So viel Einigkeit war selten: Grüner, gerechter, wettbewerbsfähig – die Europäische Agarpolitik geht besten Zeiten entgegen, wenn man den Bekundungen der Europaabgeordneten glaubt. Ein paar Pflöcke haben die Volksvertreter in Brüssel mit ihrem ersten Bericht zur Agrarreform 2014-2020 tatsächlich eingeschlagen: Direktzahlungen nur noch gegen Umweltleistungen, Obergrenzen für Direktzahlungen an Grossbetriebe, mehr heimische Eiweisspflanzen, weniger Soja aus Übersee. Und natürlich keine Kürzungen des Agrarhaushalts.

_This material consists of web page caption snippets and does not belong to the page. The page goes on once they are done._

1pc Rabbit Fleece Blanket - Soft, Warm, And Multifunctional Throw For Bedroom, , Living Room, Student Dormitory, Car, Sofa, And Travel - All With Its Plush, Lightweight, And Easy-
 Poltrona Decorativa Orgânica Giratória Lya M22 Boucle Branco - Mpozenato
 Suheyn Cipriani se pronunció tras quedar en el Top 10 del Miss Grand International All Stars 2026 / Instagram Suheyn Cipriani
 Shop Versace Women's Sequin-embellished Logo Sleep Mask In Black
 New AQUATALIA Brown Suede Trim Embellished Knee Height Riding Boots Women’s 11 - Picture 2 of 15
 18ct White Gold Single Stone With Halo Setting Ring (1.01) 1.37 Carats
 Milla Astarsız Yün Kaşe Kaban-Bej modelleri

Doch ansonsten trügt der grüne Schein: Formelkompromisse, die jeder für sich interpretieren kann wie er will, Vermeidung der wirklich heissen Themen und nach wie vor ein starrer Agrarierblick auf das Problem werden die Einigkeit dahinschmelzen lassen, sobald es ernst wird.Der britische Konservative Agnew stach irgendwie erfrischend heraus aus der gestrigen Agrar-Debatte in Brüssel: Ökologie, das sei etwas für Amateure, aber nicht für echte Profi-Bauern und dass das Gerede vom Klimawandel nur heisse Luft sei beweise ja wohl allein schon der letzte Winter. Und dann war da noch die FDP-Abgeordnete Reimers: Die Bauern sollten endlich selbstbewußter werden statt am Tropf der EU „Händchen halten und auf Mammis Rat warten“. Das geht aus ihrer Sicht natürlich nur mit Gentechnik.

Ansonsten waren die im 1 bis 2 Minutentakt vorgetragenen Positionen der Abgeordneten von Grün bis Schwarz von monotonem Gleichklang: Klimaanpassung, Kleinbauern fördern, mehr Ökologie und gerechtere Verteilung und wirklich schön, daß wir uns alle so einig sind.

Der Berichterstatter Albert Deß, der ursprünglich einen ganz anderen Bericht entworfen hatte, gab sich bauernschlau: Wer sich in der Politik auskenne, der dürfe niemals vorschlagen was er wirklich erreichen wolle, sondern müsse darauf achten „stets genügend Speck für die Verhandlungen zu haben“. Seine Rechung sei aufgegangen. Das wird er kommende Woche beim Bauerntag des Deutschen Bauernverbandes so vielleicht nicht wiederholen: Immerhin fordert sein Bericht, die Zahlungen an Grossbauern zu begrenzen und Direktzahlungen nur noch gegen zusätzliche Umweltleistungen zu vergeben. Dagegen sind Sonnleitner und die seinen in den letzten Wochen vergebens Sturm gelaufen.

Dem Kompromiss, den die Agrarpolitiker im Landwirtschaftausschuss ausgehandelt hatten, mochten die Abgeordneten im Plenum nichts Sinnvolles mehr hinzufügen. Schade eigentlich: Ein Antrag von 40 Abgeordneten fast aller Fraktionen, der u.a. forderte, dass Europäer sich künftig von dem Anteil an Resourcen ernähren müßten, der allen Menschen auf diesem Planeten zur Verfügung steht und ihren „ökologischen Fußabdruck“ deutlich zu reduzieren sowie konkrete Ziele für Artenvielfalt, Düngemittelreduktion und Klimaschutz vorschlug wurde von einer Mehrheit von 380 gegen 215 Stimmen abgelehnt.